During the last subprime crisis, many people panicked. Some folks, tragically, ended their lives because their financial loses were so heavy. The result of this panic was that capital was withdrawn from the markets, and prices on cash-flowing assets tumbled.

Most people simple weren’t ready for such a steep dive in the financial markets. Rather than take what they perceived to be too big of a risk to invest, they rather held onto their money—the equivalent of putting it under a mattress and riding out the financial storm.

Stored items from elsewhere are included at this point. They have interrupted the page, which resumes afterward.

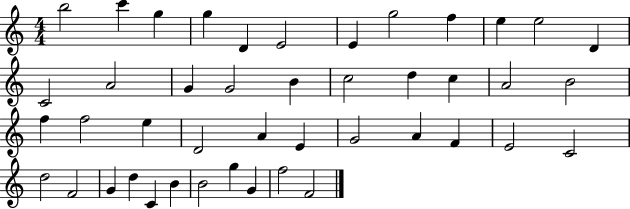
X:1
T:Untitled
M:4/4
L:1/4
K:C
b2 c' g g D E2 E g2 f e e2 D C2 A2 G G2 B c2 d c A2 B2 f f2 e D2 A E G2 A F E2 C2 d2 F2 G d C B B2 g G f2 F2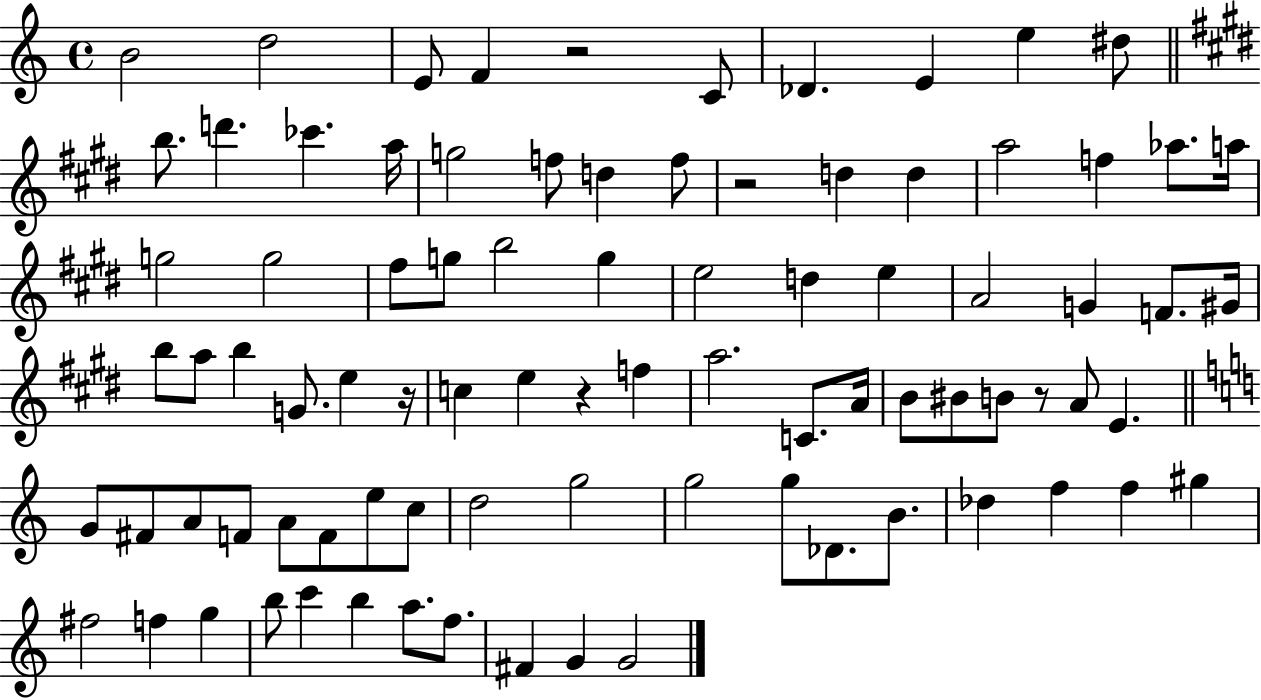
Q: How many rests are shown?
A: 5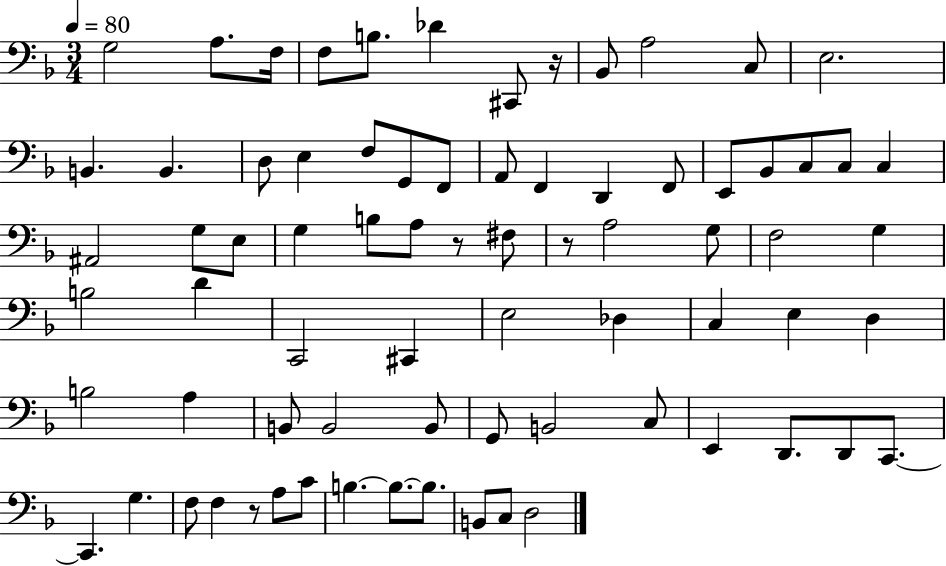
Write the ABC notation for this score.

X:1
T:Untitled
M:3/4
L:1/4
K:F
G,2 A,/2 F,/4 F,/2 B,/2 _D ^C,,/2 z/4 _B,,/2 A,2 C,/2 E,2 B,, B,, D,/2 E, F,/2 G,,/2 F,,/2 A,,/2 F,, D,, F,,/2 E,,/2 _B,,/2 C,/2 C,/2 C, ^A,,2 G,/2 E,/2 G, B,/2 A,/2 z/2 ^F,/2 z/2 A,2 G,/2 F,2 G, B,2 D C,,2 ^C,, E,2 _D, C, E, D, B,2 A, B,,/2 B,,2 B,,/2 G,,/2 B,,2 C,/2 E,, D,,/2 D,,/2 C,,/2 C,, G, F,/2 F, z/2 A,/2 C/2 B, B,/2 B,/2 B,,/2 C,/2 D,2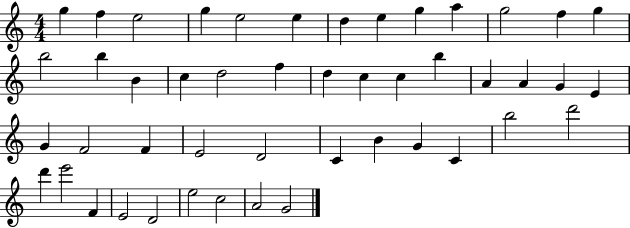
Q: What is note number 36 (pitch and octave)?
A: C4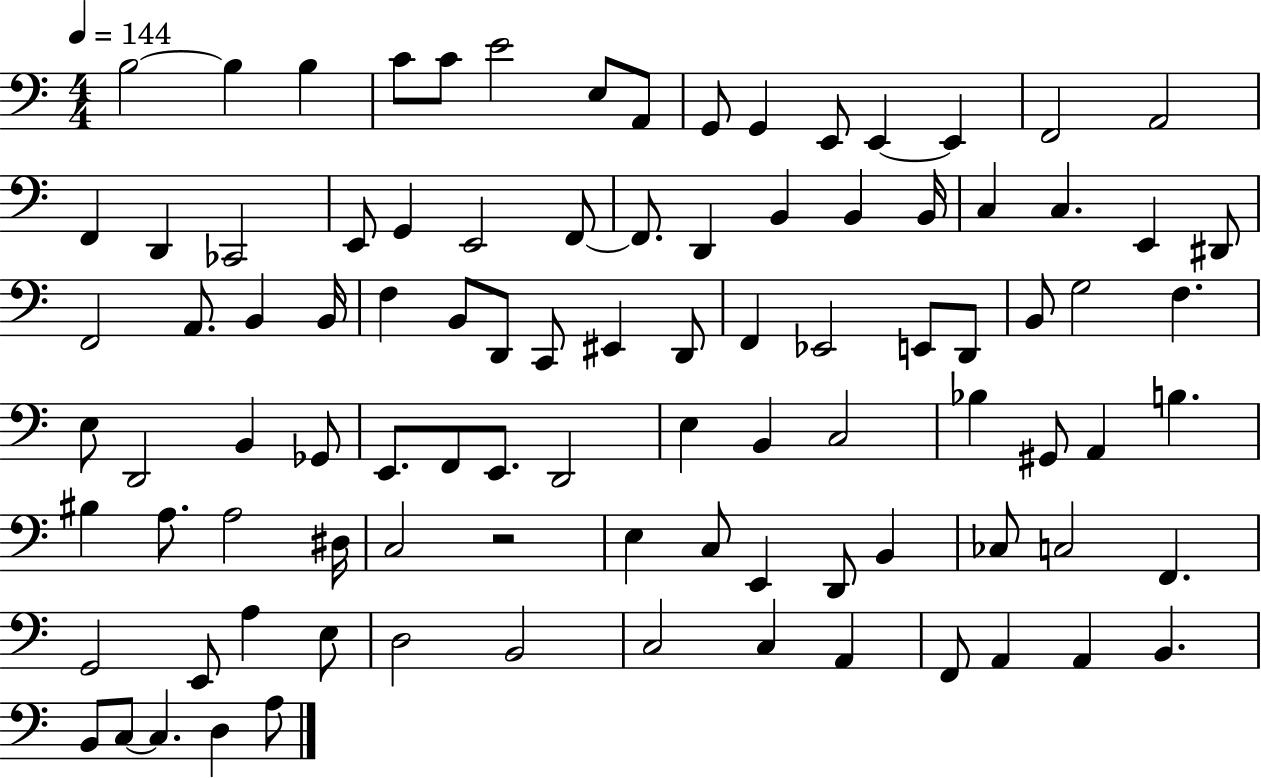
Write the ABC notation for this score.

X:1
T:Untitled
M:4/4
L:1/4
K:C
B,2 B, B, C/2 C/2 E2 E,/2 A,,/2 G,,/2 G,, E,,/2 E,, E,, F,,2 A,,2 F,, D,, _C,,2 E,,/2 G,, E,,2 F,,/2 F,,/2 D,, B,, B,, B,,/4 C, C, E,, ^D,,/2 F,,2 A,,/2 B,, B,,/4 F, B,,/2 D,,/2 C,,/2 ^E,, D,,/2 F,, _E,,2 E,,/2 D,,/2 B,,/2 G,2 F, E,/2 D,,2 B,, _G,,/2 E,,/2 F,,/2 E,,/2 D,,2 E, B,, C,2 _B, ^G,,/2 A,, B, ^B, A,/2 A,2 ^D,/4 C,2 z2 E, C,/2 E,, D,,/2 B,, _C,/2 C,2 F,, G,,2 E,,/2 A, E,/2 D,2 B,,2 C,2 C, A,, F,,/2 A,, A,, B,, B,,/2 C,/2 C, D, A,/2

At the same time, Rich Dad Advisor Ken McElroy and I were excited. We partnered together to invest in multi-family housing, a.k.a., apartments, and the buying was good. In anticipation of a downturn, Ken and his partners had recently refinanced many of their previous projects, pulling out the equity tax-free while still having the operational income to cover their operational expenses and debt service.

As the market began to crash, the prices on multi-family housing began to drop as well. Prime assets that were not a good value just a year earlier were now looking like bargain bin specials. Ken and his team moved into action, searching and finding the best deals.

Ironically, many investors were not willing to give capital to the investments Ken and his team found. But there were a small number who saw the opportunity in front of them and decided to invest.

Today, all those investors are much richer…and those that skipped those investment opportunities are very regretful.

Back to basics

Ken and his team put into practice the adage, “Buy low and sell high.” Many of Ken’s investors have their money back, still have ownership in the properties and collect money each quarter—now an infinite return.

How did Ken and team pull this off? Like my rich dad encouraged many years ago, they were ready for whatever direction the market went.

This brings to mind a financial principle that sounds simple but takes a lifetime to master: You can make money in both up and down markets. In fact, just a couple years ago, I shared with you a five-point plan to make money in any market. It might be worth revisiting that post, but in short you must:

-    Know your position
-    Know how you’ll perform
-    Get educated
-    Slowly pare back your risk

If you’re one of those reading this with a heart-beat-skip of excitement, you know this is your time. If you’re feeling more panicky, it’s time to change your mindset. This is a time of opportunity. You just have to be prepared.

SubPrime 2.0 isn’t here yet. Maybe it will never be here…or maybe it will come like a thief in the night and catch many investors off-guard.

Regardless, now is the time to begin increasing your financial intelligence so that you can be prepared for whatever direction the markets take. It will be the difference between thriving and just surviving.